Exercise details: Every line from the one with "Post Malone Hollywood" up to and including the one with "MLB: Washington National in Miami Marlins" is to be output exactly as it appears below; pictures are not.
======== Data provided ========
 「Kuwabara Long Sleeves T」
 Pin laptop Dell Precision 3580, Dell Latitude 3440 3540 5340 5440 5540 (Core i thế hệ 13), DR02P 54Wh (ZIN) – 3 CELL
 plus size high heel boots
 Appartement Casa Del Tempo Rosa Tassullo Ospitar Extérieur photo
========
======== Data provided ========
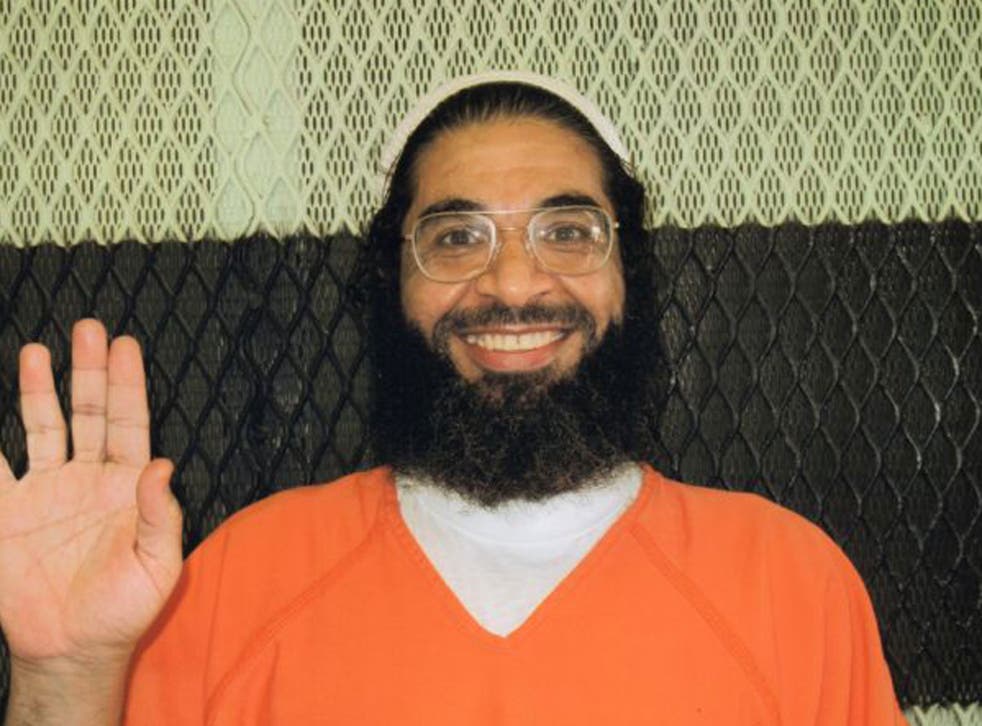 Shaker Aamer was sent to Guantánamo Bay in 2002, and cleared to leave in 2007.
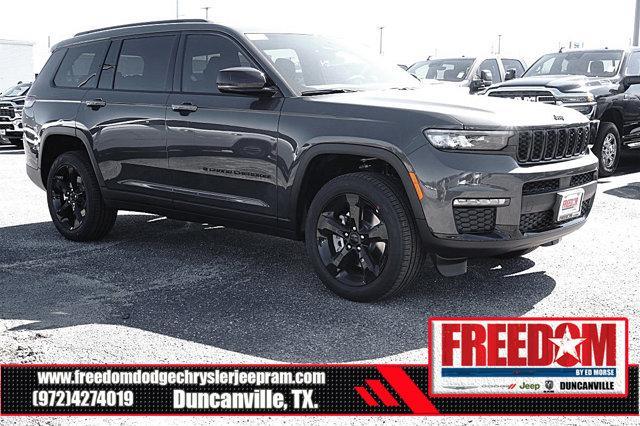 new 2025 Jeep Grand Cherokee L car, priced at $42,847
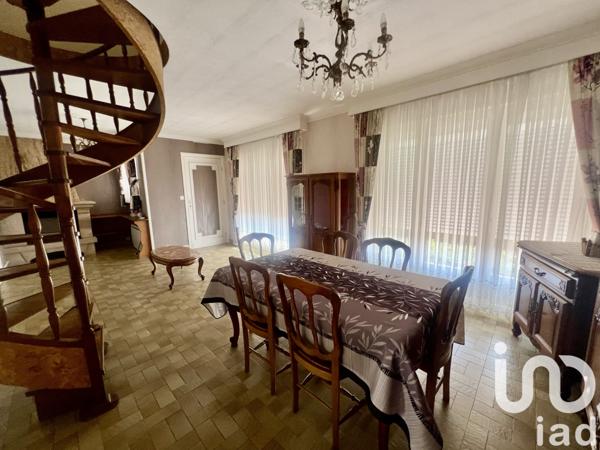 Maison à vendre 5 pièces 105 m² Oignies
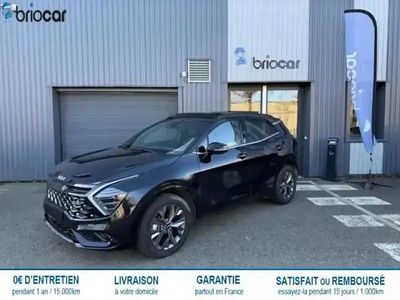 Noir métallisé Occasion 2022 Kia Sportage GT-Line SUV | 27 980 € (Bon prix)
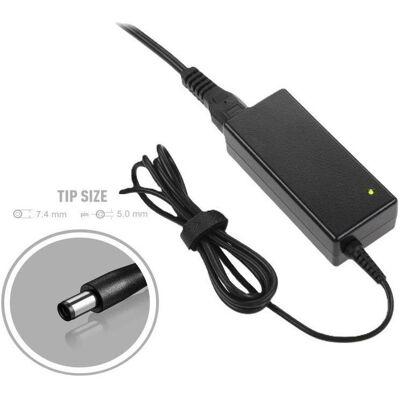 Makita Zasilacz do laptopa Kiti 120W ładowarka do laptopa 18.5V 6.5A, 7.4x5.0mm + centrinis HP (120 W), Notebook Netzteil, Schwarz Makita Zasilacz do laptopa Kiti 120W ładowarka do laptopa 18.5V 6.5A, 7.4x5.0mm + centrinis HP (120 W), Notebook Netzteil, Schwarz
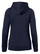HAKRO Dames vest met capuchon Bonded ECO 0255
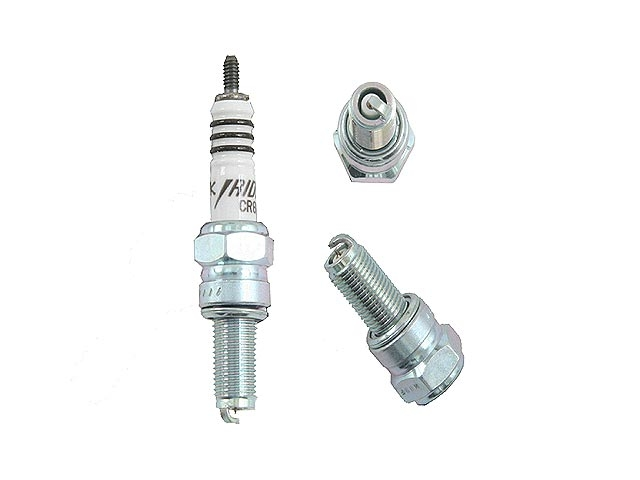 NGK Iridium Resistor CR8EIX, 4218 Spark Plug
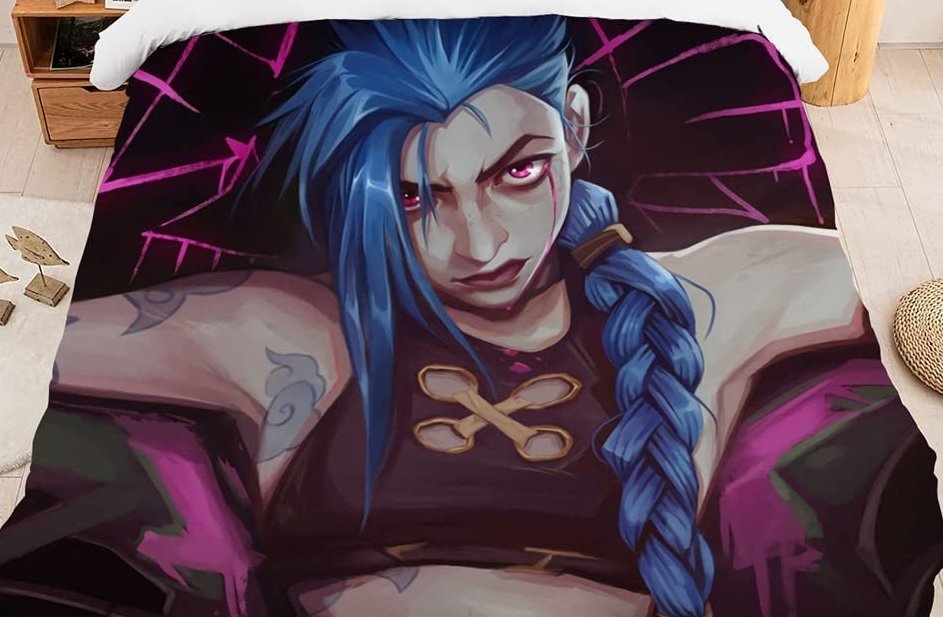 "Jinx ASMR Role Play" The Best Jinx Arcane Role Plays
========
======== Data provided ========
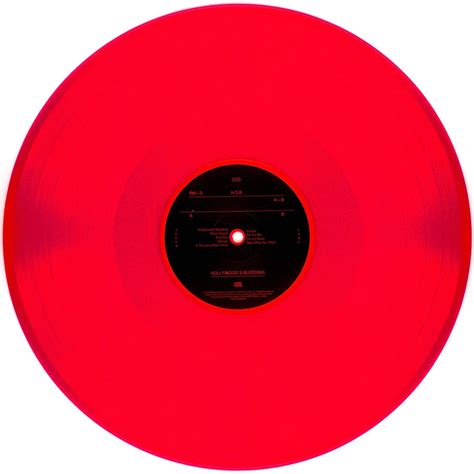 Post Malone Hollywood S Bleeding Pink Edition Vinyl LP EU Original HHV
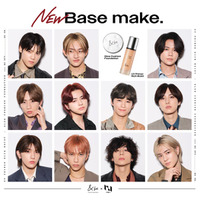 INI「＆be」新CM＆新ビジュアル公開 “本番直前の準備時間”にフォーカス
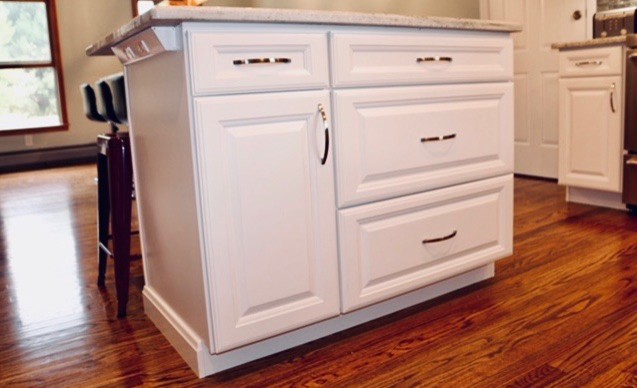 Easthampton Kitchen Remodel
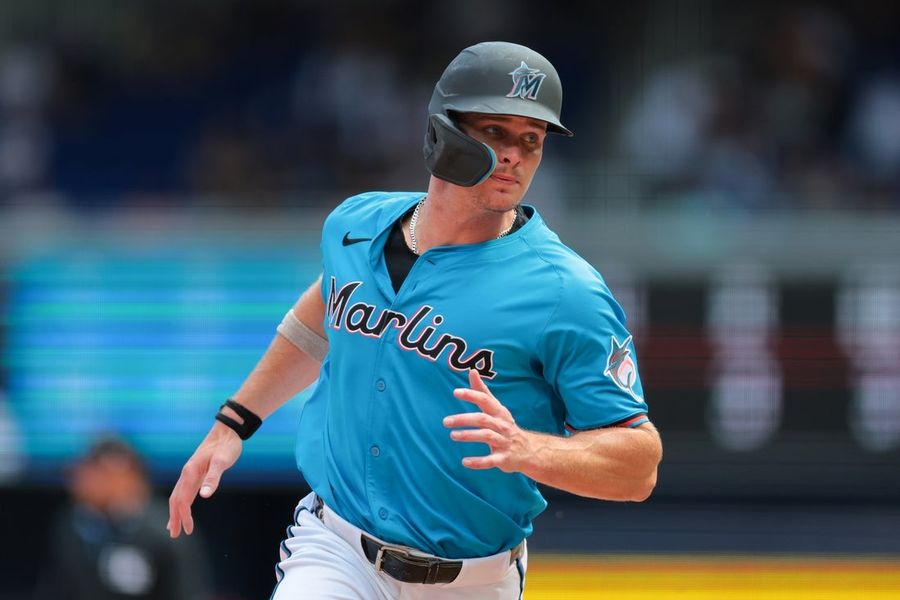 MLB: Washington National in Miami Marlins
========
Result:
 Post Malone Hollywood S Bleeding Pink Edition Vinyl LP EU Original HHV
 INI「＆be」新CM＆新ビジュアル公開 “本番直前の準備時間”にフォーカス
 Easthampton Kitchen Remodel
 MLB: Washington National in Miami Marlins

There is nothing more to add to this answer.